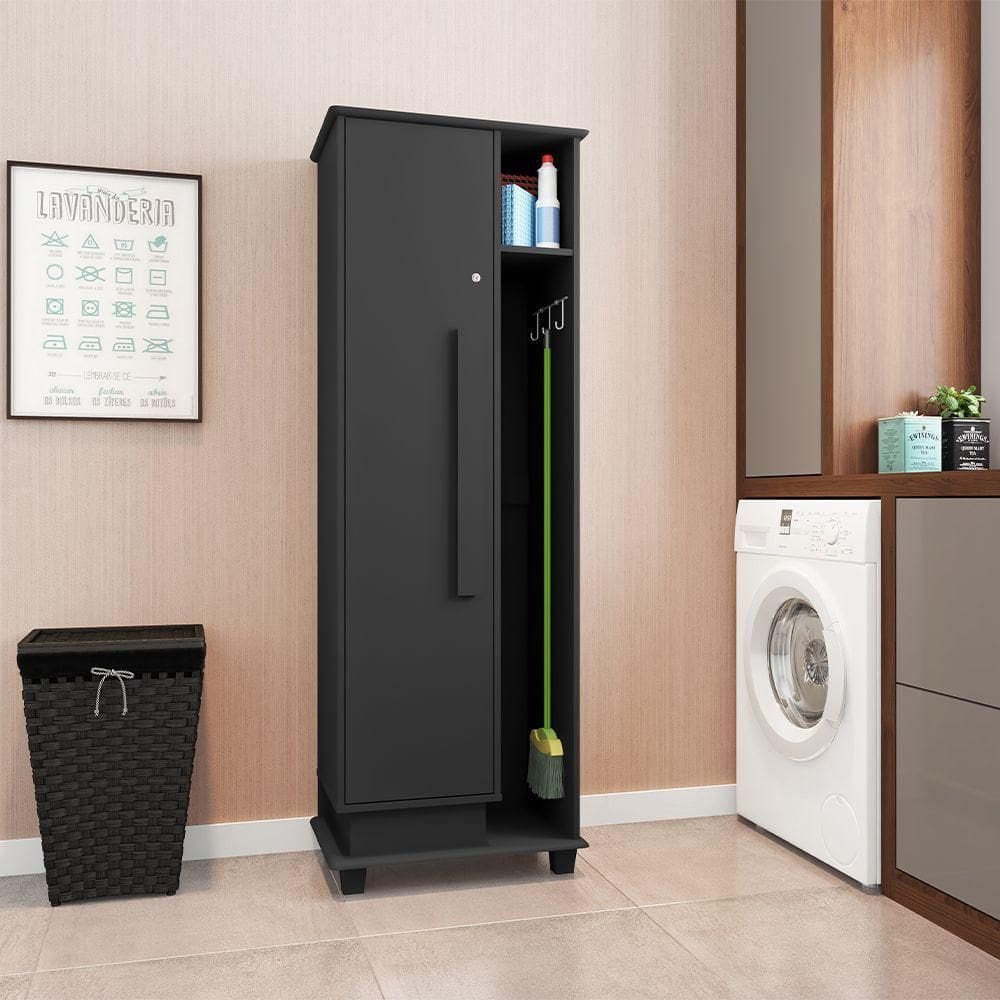 Armário Multiuso Escritório Lavanderia Quarto 1 Porta Caribe Preto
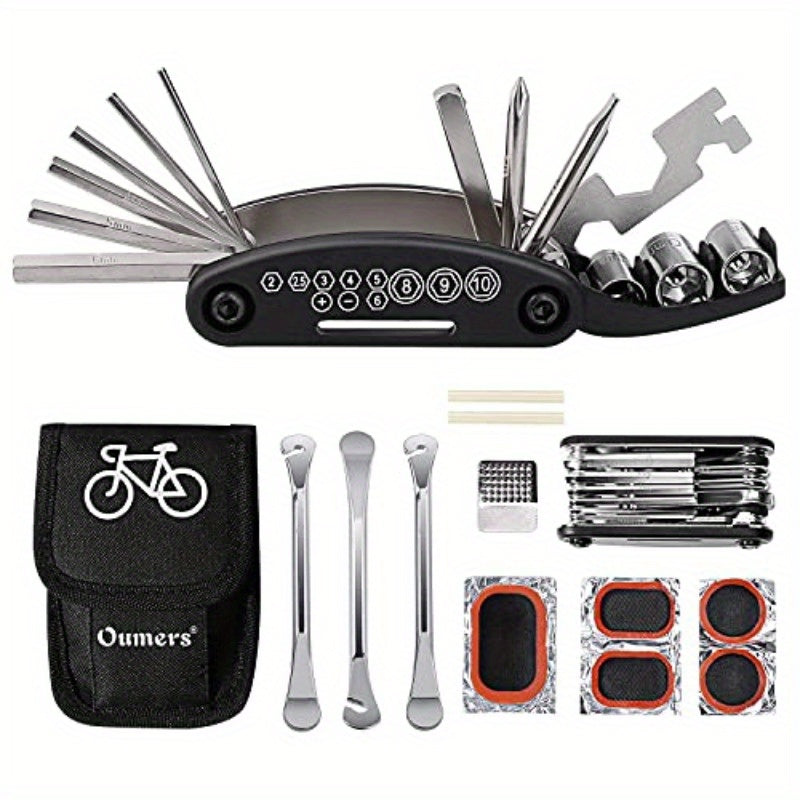 Oumers MultiFunction Bike Bicycle Cycling Mechanic Repair Kit with 3pcs Bike Tire Lever 5pcs Tyre Patches 1pc Tire Rasp Work Bag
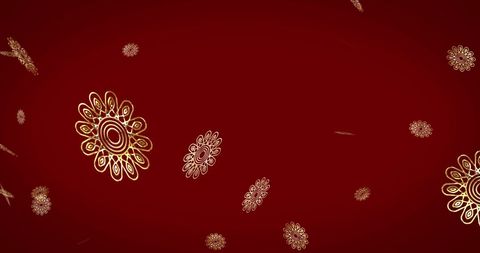 Festive Gold Snowflake Patterns on Deep Red Background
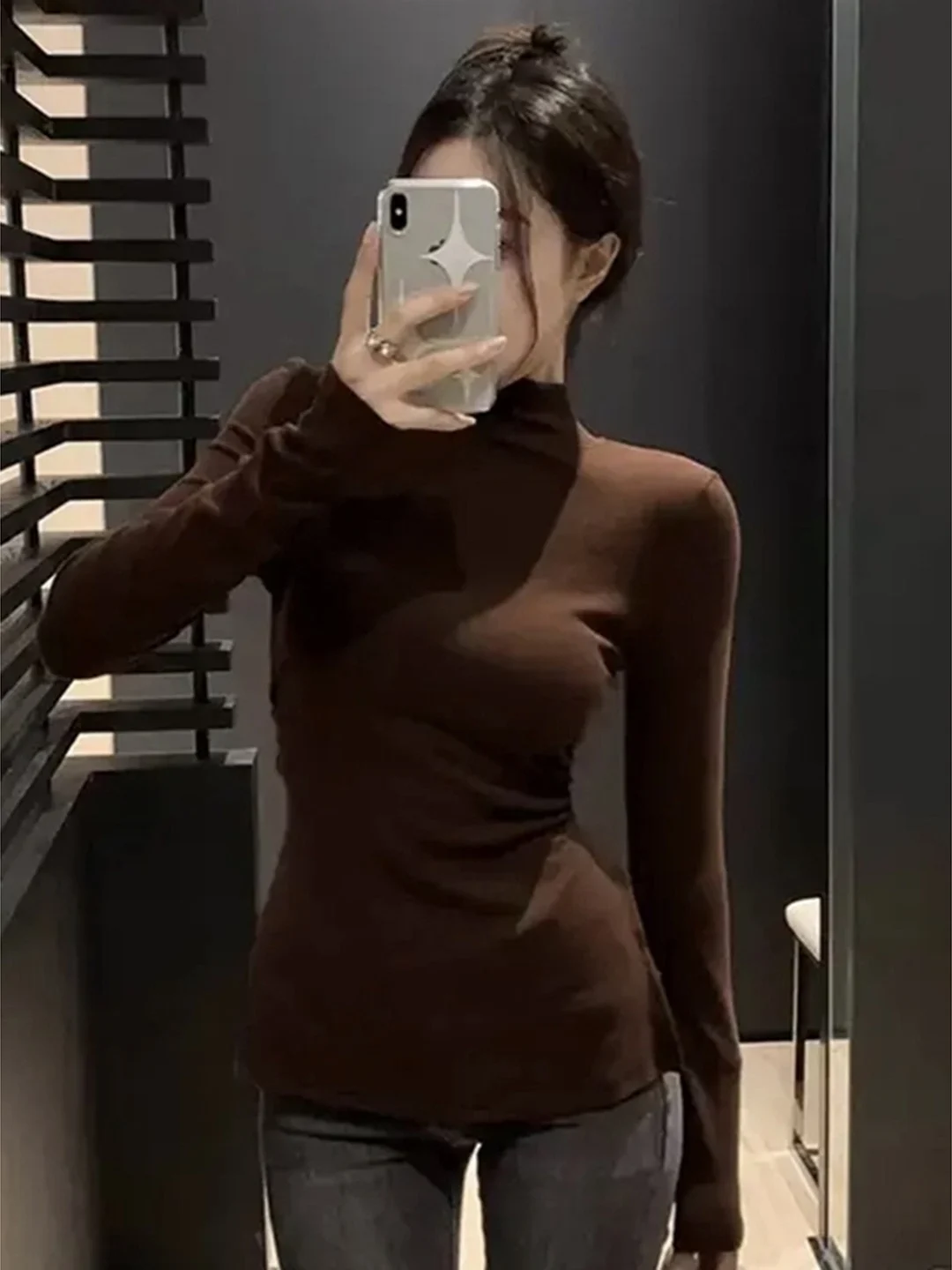 Thiened Long Sve Base irt Roupa interna de inverno feminina f gola alta design de emagrecimento Split Dervo Long irt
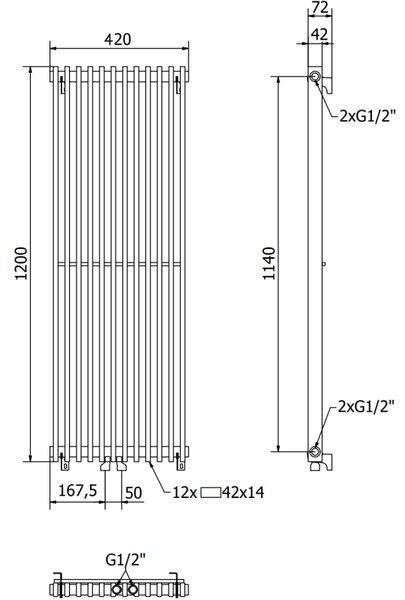 Mexen Kansas, fűtőelem 1200 x 420 mm, 975 W, fekete, W204-1200-420-00-70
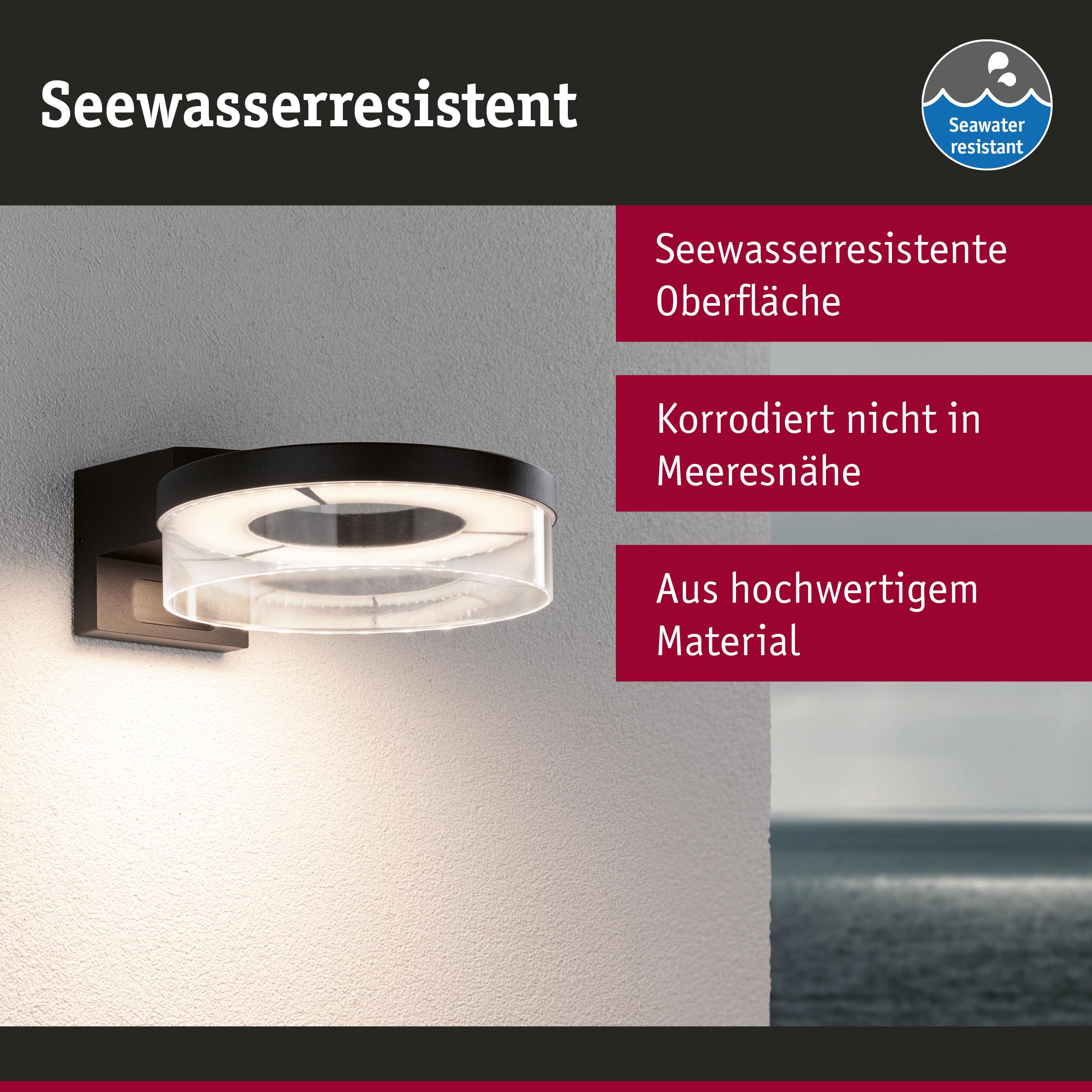 Seewasserresistente Außenwandleuchte mit schwarzem Metall und klarem Glas, korrosionsbeständig für Küstenbereiche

Assignment: Transcribe each of the records above precisely, with no pictures in the copy.

Task answer:
 Armário Multiuso Escritório Lavanderia Quarto 1 Porta Caribe Preto
 Oumers MultiFunction Bike Bicycle Cycling Mechanic Repair Kit with 3pcs Bike Tire Lever 5pcs Tyre Patches 1pc Tire Rasp Work Bag
 Festive Gold Snowflake Patterns on Deep Red Background
 Thiened Long Sve Base irt Roupa interna de inverno feminina f gola alta design de emagrecimento Split Dervo Long irt
 Mexen Kansas, fűtőelem 1200 x 420 mm, 975 W, fekete, W204-1200-420-00-70
 Seewasserresistente Außenwandleuchte mit schwarzem Metall und klarem Glas, korrosionsbeständig für Küstenbereiche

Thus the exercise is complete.